It is disheartening that The Nation publishes articles that fail to dig below the surface on an issue that is as crucial to the nation's future as mass immigration.

The United States is probably currently environmentally unsustainable, with its population of around 308 million. The Pew Research Center projects we will grow to 438 million by 2050, 82 percent of that growth due to mass immigration (2008). Waxman-Markey would reduce greenhouse emissions 80 percent by that date. Does anyone really expect that to happen in the face of 40 percent growth? It's not a case of shifting deck chairs on the Titanic, because immigrants' ghg emissions grow an average of fourfold after arrival here (Center for Immigration Studies, 2008).

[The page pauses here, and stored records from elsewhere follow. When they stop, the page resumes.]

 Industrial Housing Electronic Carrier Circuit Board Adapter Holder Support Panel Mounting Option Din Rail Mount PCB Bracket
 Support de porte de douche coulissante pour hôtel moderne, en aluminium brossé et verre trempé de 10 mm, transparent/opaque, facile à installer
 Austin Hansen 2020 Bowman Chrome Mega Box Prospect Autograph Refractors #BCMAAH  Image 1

Then there's the issue of mass immigration taking jobs from the most deprived American workers (as well as a lot of computer programmers and the like). César Chávez understood that an oversupply of cheap labor would undermine his workers' wages, which is why he denounced illegal immigrants to the INS. Nicholas Kristof, the New York Times's most compassionate columnist, also understood this when he looked into it.

The thing he probably was not aware of was the impact of chain migration, or he would not have advocated amnesty for those already here.

Then there is the impact on US education in immigration hot spots. A friend of mine, a hard scientist of high national repute, then at UC Santa Barbara, had a daughter in the third grade at the local public school, which was 80 percent immigrant. He was appalled to learn one day that his daughter was in the thirty-fifth percentile in math, so he rushed in for a teacher conference. "Not to worry," he was told. "Your daughter is the star of the class."

The Nation's editors need to quit being soft-headed about this issue. They also need to realize that, like support for amnesty, opposition is bipartisan. I cast my first presidential vote for George McGovern, and my latest for President Obama. I stumped in New Hampshire for Kerry in '04. The only time I voted against a Democrat for president was John Anderson in 1980. There are plenty more like me. Even a plurality of Americans of Hispanic extraction think there is too much immigration, according to a very recent Zogby poll.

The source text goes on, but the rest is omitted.